The one on this beautiful campus houses the Calhoun Honors College
and the School of Education.

So be it, if it’s uncomfortable to bear those stripes.

See them,

because it’s not uncomfortable to reap the benefits of the labor that went into
building the buildings or tending the land,
but very much so
knowing the buildings and the land are stained with
years upon years of
the blood, sweat and tears
of slaves and sharecroppers and so-called criminals
who were lent to the institution to do the work that needed doing.

“Solid Orange,” they say.

And I say
The Tiger cannot survive without its stripes.

We cannot ignore
the troubling history that brought us to this,
our glorious institution,
with its memorials and monuments to “honorable” men,
and call ourselves a family.

And we’re damned if we think we’re doing ourselves any favors
coloring the history one hue.

One you,
one me,
one he,
one she,
one them,
won’t be
one us
‘til we strive to
see those stripes

The Tiger cannot survive without them.

The site of “the most exciting 25 seconds in college football”
was made possible by profits from the most shameful centuries in America’s history.
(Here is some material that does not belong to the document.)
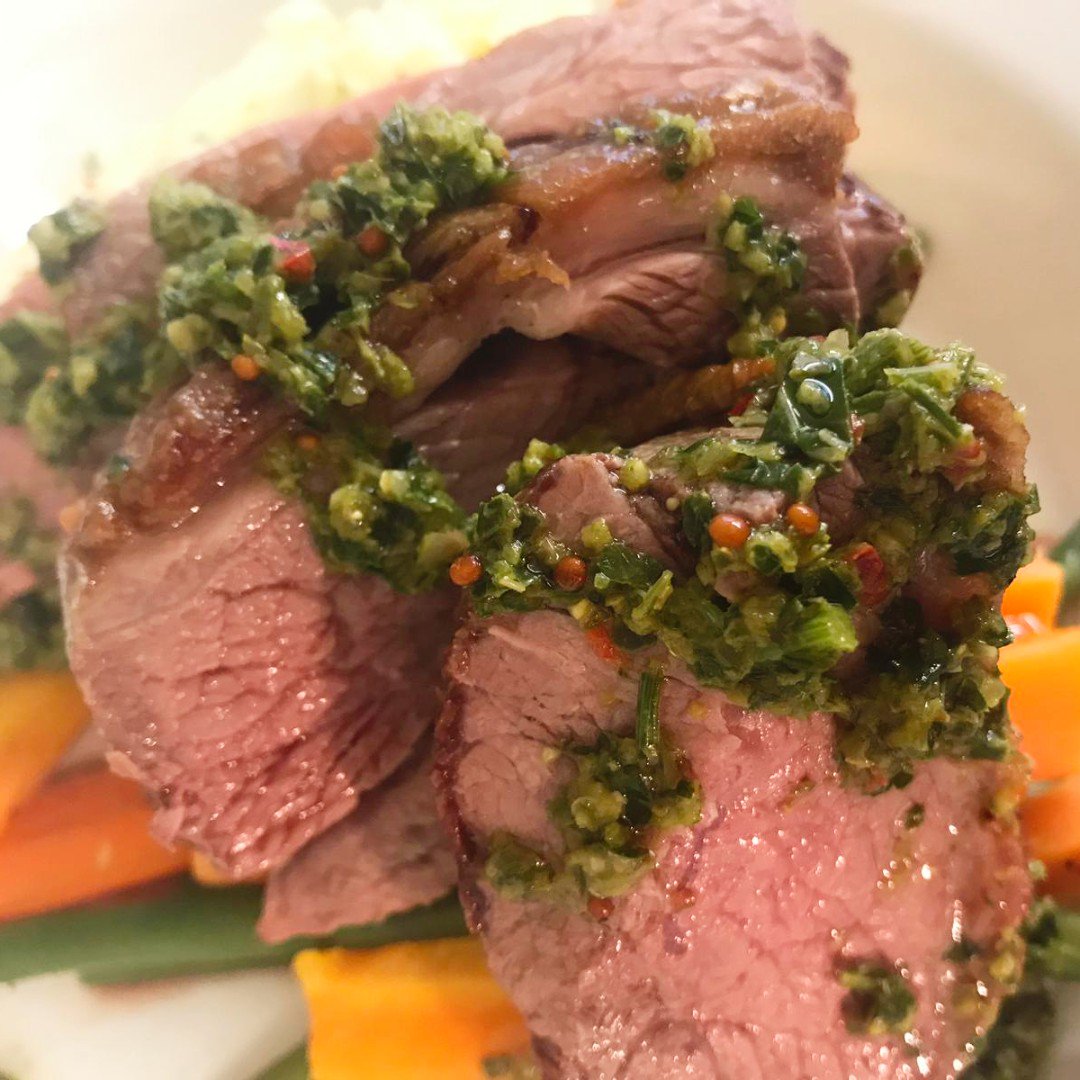 FoxAtPeasemore's tweet photo. A little something to get those tastebuds tickled for tomorrow:

Rump of lamb served with rosemary mash &amp; mint verde 🐑

#TheFoxatPeasemore #RumpOfLamb #NewburyPubs #PlacesToEatNewbury #FoodPorn https://t.co/0YRUO6aNsi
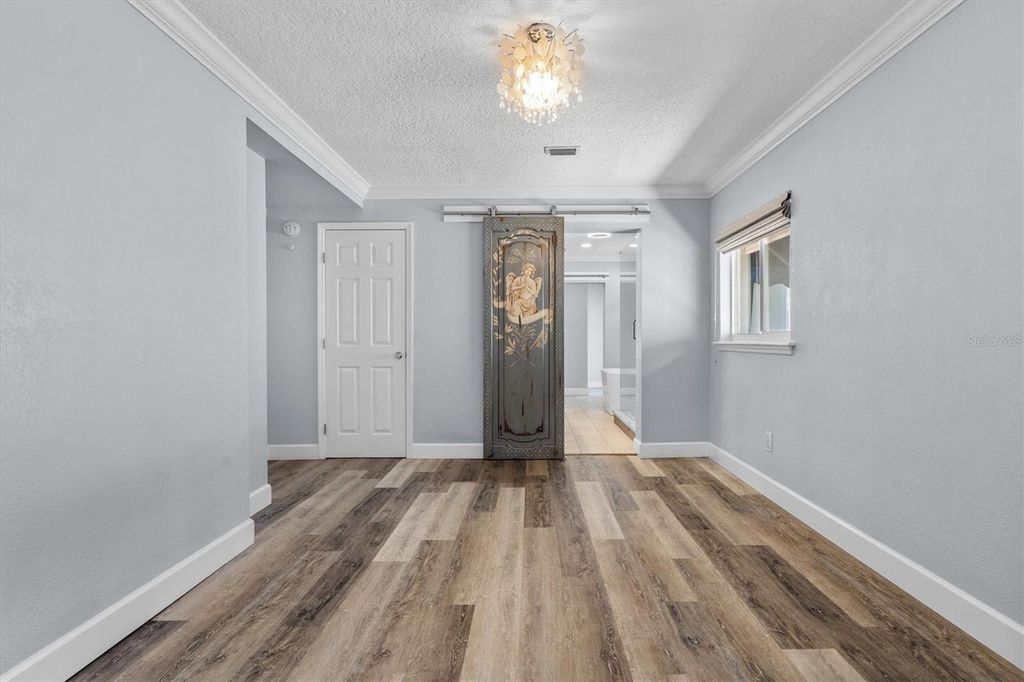 Image 20 of property listing at 1135 SHADY LANE DRIVE, Orlando, FL 32804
Those are the stripes we bear,
and before you decide to wear
that orange tee, or that painted paw,
for a moment, about those stripes,
of the backs of the slaves,
about the strips of land,
and the sharecroppers tied to it after so-called emancipation,
of the uniform of that 13 year old boy ,
a slave of the state,
forced to help build the first buildings at this place, [iv]
of the dark matters that matter more than you know—
the difference between willing ignorance and active participation,
complicit denial and abject perpetuation—

before you
“Solid Orange,”
of how ridiculous a Solid Orange Tiger would look.
of seeing its stripes,
of being its stripes,

and think
of how terrible it is
to not be seen,
to not be acknowledged,

about never being doomed to repeat
an atrocious history,
and being better
because of knowing better
and doing better

because as things are now,
we are The Tigers,
built on a legacy of slavery, sharecropping and convict labor,
by slave owners, supremacists and segregationists,

but come to the campus of Clemson University,
and you’d hardly be able to tell it from looking around.

And it’s a shame.

We’d be a beautiful Tiger…

if only

we could
see our stripes.


[i] Quote credited to ESPN and ABC broadcaster, Brent Musburger, in reference to the team’s pregame ritual of rubbing “Howard’s Rock” before running down The Hill onto Frank Howard Field.

[ii] From the ‘Solid Orange’ page on Clemson’s website: “Solid Orange goes far beyond orange T-shirts. It’s thinking and acting like a winner, knowing that everything we do reflects on every other Tiger. It’s just part of what makes Clemson uniquely Clemson.”

[iii] The Hamburg Massacre occurred July 4, 1876, and resulted in the deaths of seven men.

[iv] The boy’s name is Wade Foster. More information on his and other stories about the “Convict Labor” at Clemson is available in Dr. Rhondda Thomas’s essay, ““Slaves of the State”: Convict Labor and Clemson University Land and Legacy” in The South Carolina Review, Volume 46, Number 2, Spring 2014.

The picture used in the video is of 14-year-old George Stinney, Jr., who, in 1944 became the youngest person legally executed in the United States in the 20th century. He was executed by the state of South Carolina.